> [Task to carry out]:
Each entry that follows is to be copied exactly, minus any pictures.

> [Data]:
-- Opening Marker --
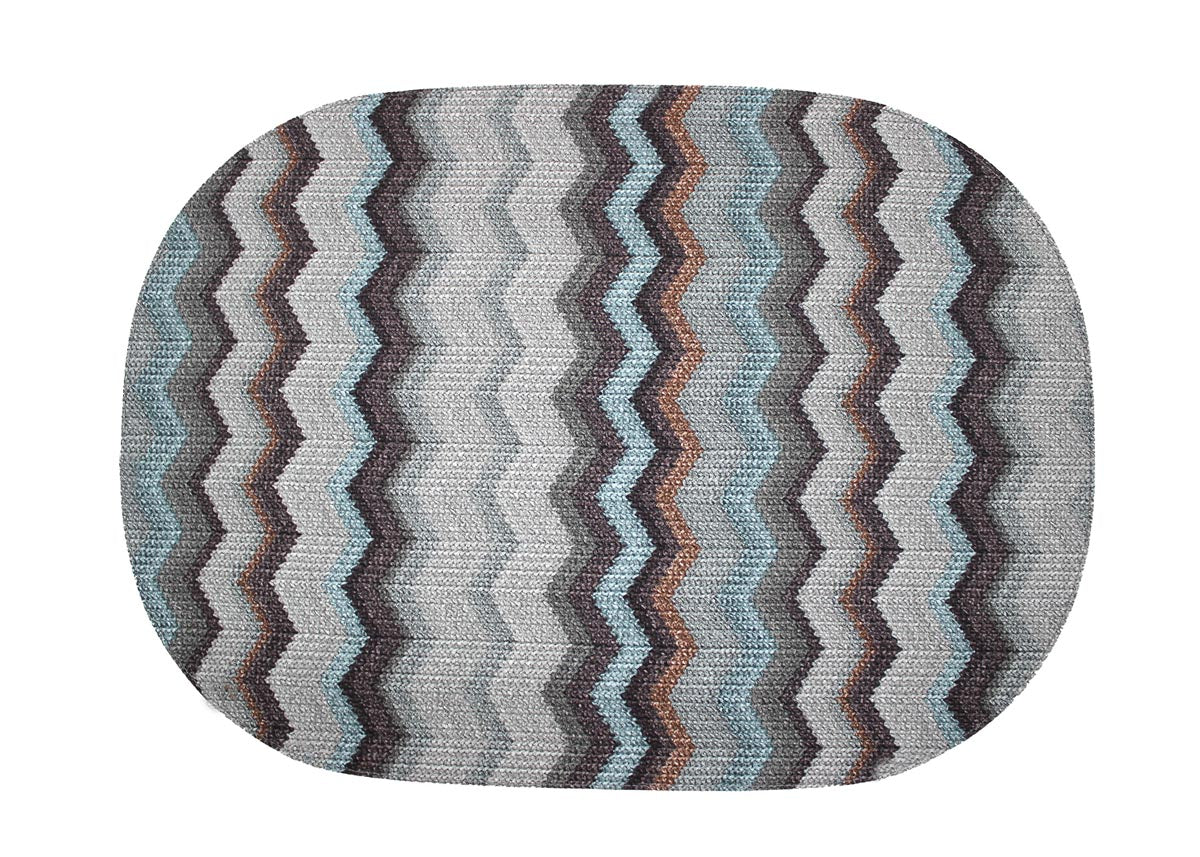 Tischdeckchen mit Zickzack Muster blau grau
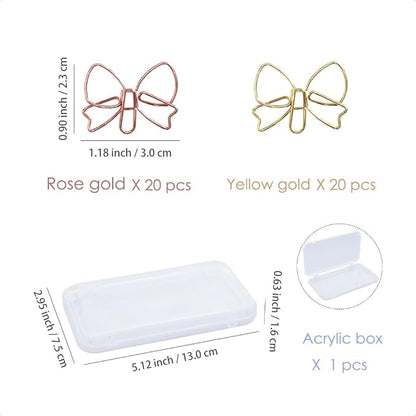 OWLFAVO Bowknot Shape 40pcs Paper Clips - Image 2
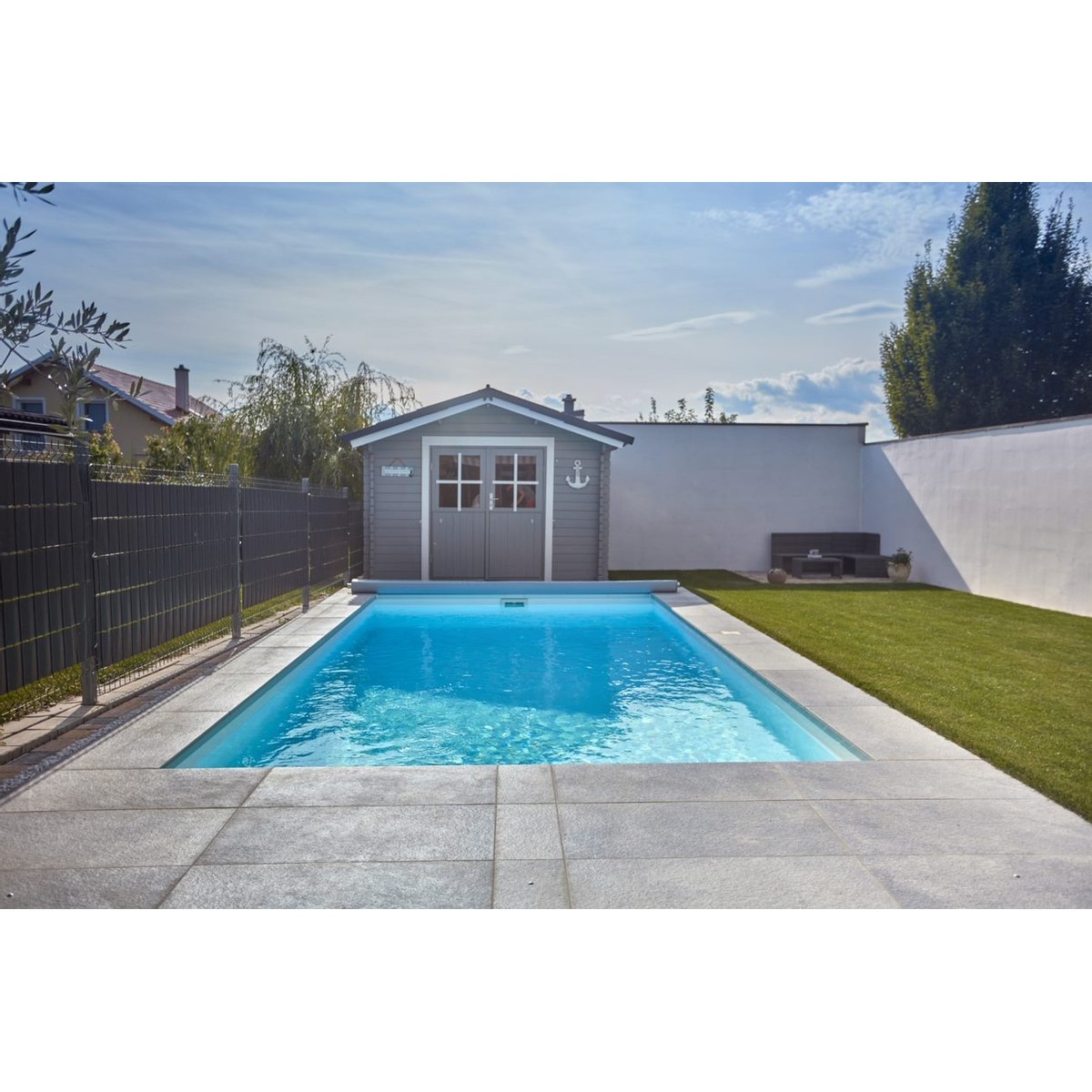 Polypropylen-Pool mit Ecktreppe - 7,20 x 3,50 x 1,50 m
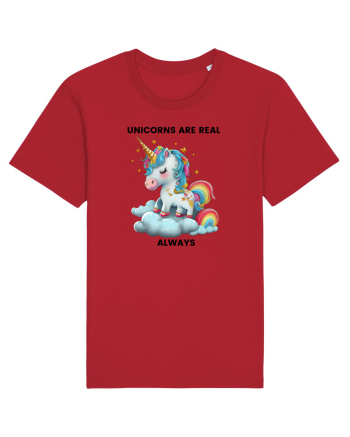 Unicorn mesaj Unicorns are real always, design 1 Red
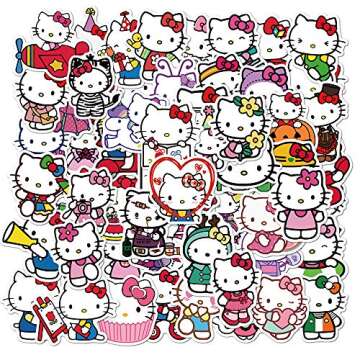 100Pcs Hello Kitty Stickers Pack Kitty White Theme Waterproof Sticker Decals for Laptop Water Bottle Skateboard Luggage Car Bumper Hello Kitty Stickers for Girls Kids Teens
-- Closing Marker --
> [Exercise output]:
 Tischdeckchen mit Zickzack Muster blau grau
 OWLFAVO Bowknot Shape 40pcs Paper Clips - Image 2
 Polypropylen-Pool mit Ecktreppe - 7,20 x 3,50 x 1,50 m
 Unicorn mesaj Unicorns are real always, design 1 Red
 100Pcs Hello Kitty Stickers Pack Kitty White Theme Waterproof Sticker Decals for Laptop Water Bottle Skateboard Luggage Car Bumper Hello Kitty Stickers for Girls Kids Teens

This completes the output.